G - Select Strings Editorial by en_translator
For simplicity, we assume that \(S_i \neq S_j ( i \neq j)\).
Consider an \(N\)-vertex graph \(G\) that has a directed edge from vertex \(i\) to vertex \(j\) if \(S_i\) is a substring of \(S_j\) for the given \(S_1,S_2, \ldots ,S_N\). Then, \(G\) forms a DAG (Directed Acyclic Graph).
Also, suppose that each vertex has a weight of \(A_1,A_2, \ldots , A_n\).
Then, this problem can be rephrased as follows.
You are given a vertex-weighted \(N\)-vertex DAG \(G\).
Choose some vertices out of the \(N\) vertices without choosing a pair of vertices that has a path between them.
Find the maximum total weight of the chosen vertex.
First, let us ignore weights and try to maximize the number of chosen vertices.
If \(G\) has edges from vertex \(i\) \(\to\) vertex \(j\) and vertex \(j\) \(\to\) vertex \(k\), then it also has an edge from vertex \(i\) \(\to\) vertex \(k\).

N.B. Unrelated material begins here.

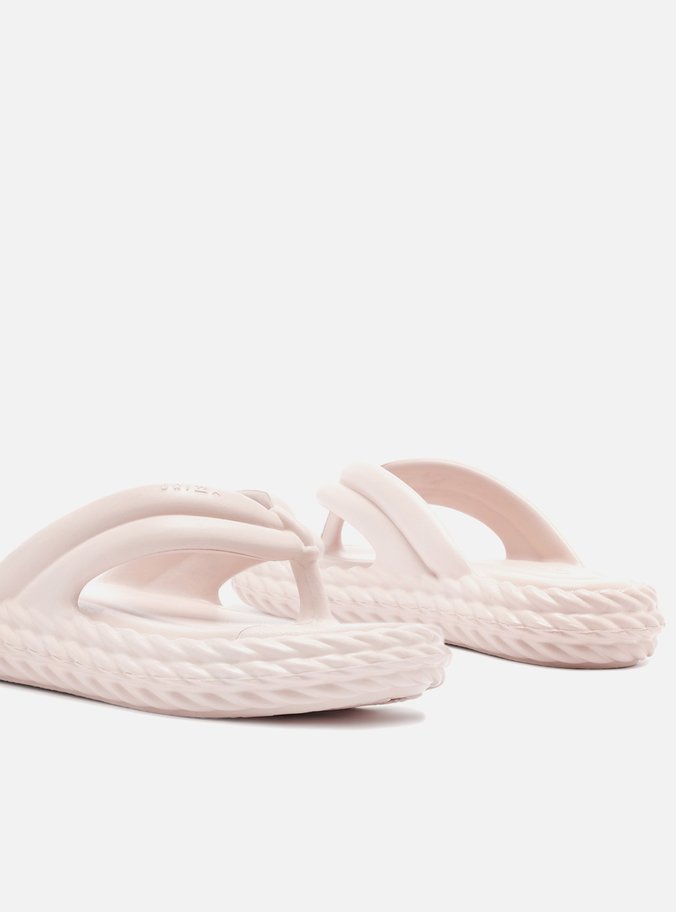 Sand�lia Nude Flatform Marrocos Bold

In such a DAG, one can use Dilworth’s theorem.
Dilworth’s theorem
For a DAG \(G\) such that if it has edges from vertex \(i\) \(\to\) vertex \(j\) and vertex \(j\) \(\to\) vertex \(k\), then it also has an edge from vertex \(i\) \(\to\) vertex \(k\),
\((\text{the size of a minimum path cover}) = (\text{the size of a maximum independent set})\)..
If the graph is not weighted, the problem is equivalent to finding the size of a maximum independent set, or a minimum path cover. (The size of a minimum path cover refers to the minimum number of paths when decomposing vertices of \(G\) into paths.)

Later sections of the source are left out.